SystemMetrics#setDiskDirs resolves each configured disk directory into a java.nio.file.FileStore once at startup and caches the resulting objects. A FileStore pins the exact path it was resolved from; on Linux every getTotalSpace() / getUnallocatedSpace() / getUsableSpace() call re-runs statvfs on that pinned path.

When that directory is removed while IoTDB is running (e.g. an empty data region directory is deleted during region migration), the pinned path no longer exists and every space query throws NoSuchFileException. Because disk metrics are sampled on every DataNode heartbeat (and on every Prometheus scrape), the stale FileStore was logged at ERROR on every sampling, never recovered, and flooded the log.

Fix

  • SystemMetrics now also stores the configured disk dirs.
  • When a space query against a cached FileStore fails, the FileStore set is re-resolved once via FileStoreUtils#getFileStore, which walks up to an existing ancestor directory on the same device. The metric then recovers on the next sampling instead of staying broken forever.
  • A failure that persists even after re-resolving (practically impossible, since the lookup ultimately falls back to an existing directory) is logged at WARN instead of ERROR, so it can no longer flood the log.
  • fileStores / diskDirs are made volatile and the re-resolution is done copy-on-write, since the getters are invoked concurrently from the heartbeat and Prometheus-reporter threads.

Behavior

  • No behavioral change on the happy path: when all directories exist, the reported total/free/available disk space is identical to before.
  • When a backing directory disappears, the metric self-heals on the next sample (re-binding to a still-existing ancestor on the same device) rather than returning 0 and spamming ERROR logs.

PingCode: V2-974


This PR has:

  • been self-reviewed.
    • concurrent read
    • concurrent write
  • added comments explaining the "why" and the intent of the code wherever would not be obvious for an unfamiliar reader.
  • added unit tests or modified existing tests to cover new code paths.

Key changed/added classes (or packages if there are too many classes) in this PR
  • org.apache.iotdb.metrics.metricsets.system.SystemMetrics
  • org.apache.iotdb.metrics.metricsets.system.SystemMetricsTest (new)

…emoved

A cached FileStore pins the exact path it was resolved from. When that
path is deleted while IoTDB is running (e.g. an empty data region
directory removed during region migration), every disk-space query
against the stale FileStore throws NoSuchFileException, which was logged
at ERROR on every heartbeat and flooded the DataNode log.

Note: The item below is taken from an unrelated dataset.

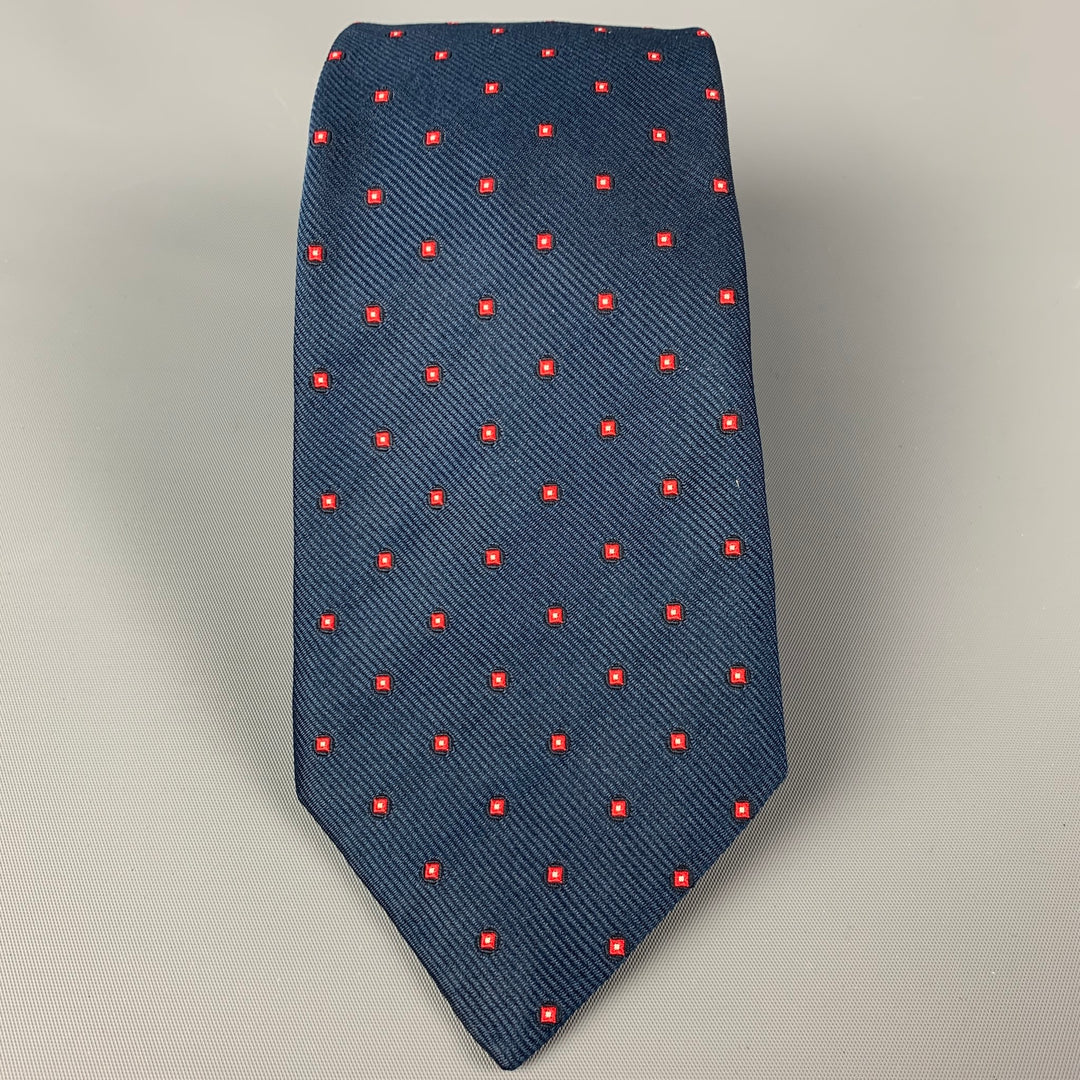 HUNTSMAN Navy Red Dots Silk Twill Tie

Store the configured disk dirs and, when a space query fails, re-resolve
the FileStores once via FileStoreUtils#getFileStore (which walks up to an
existing ancestor on the same device) so the metric recovers on the next
sampling. Remaining failures are logged at WARN instead of ERROR.
@sonarqubecloud

Copy link
Copy Markdown

Quality Gate Failed Quality Gate failed

Failed conditions
C Reliability Rating on New Code (required ≥ A)

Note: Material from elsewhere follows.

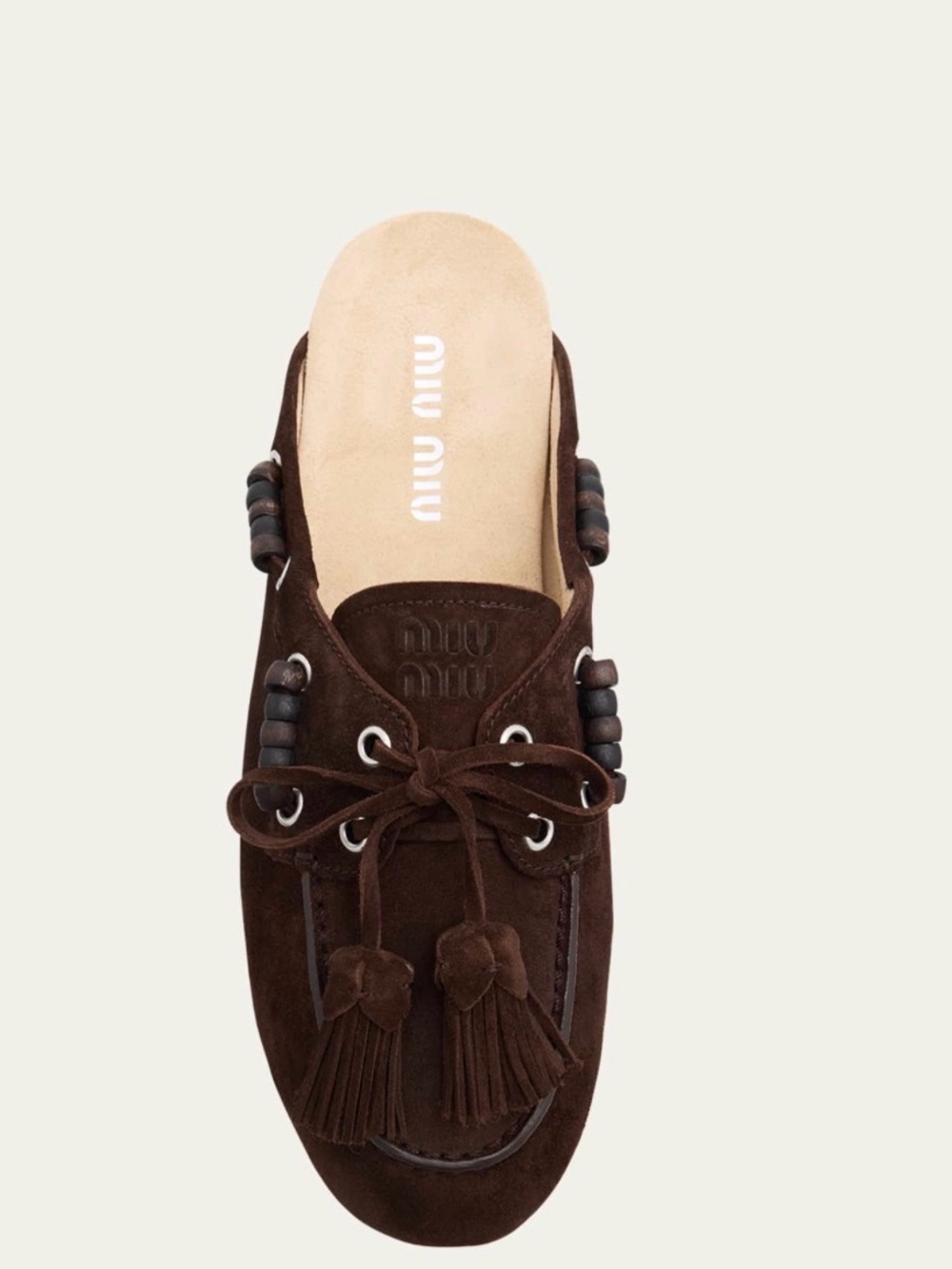 Miu Miu Dark Brown Suede Tassel Loafer Mule BNWB size 39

See analysis details on SonarQube Cloud

Catch issues before they fail your Quality Gate with our IDE extension SonarQube for IDE

@codecov

codecov Bot commented Jun 12, 2026

Copy link
Copy Markdown

Codecov Report

❌ Patch coverage is 95.83333% with 1 line in your changes missing coverage. Please review.
✅ Project coverage is 41.08%. Comparing base (abb9ef9) to head (2e3563e).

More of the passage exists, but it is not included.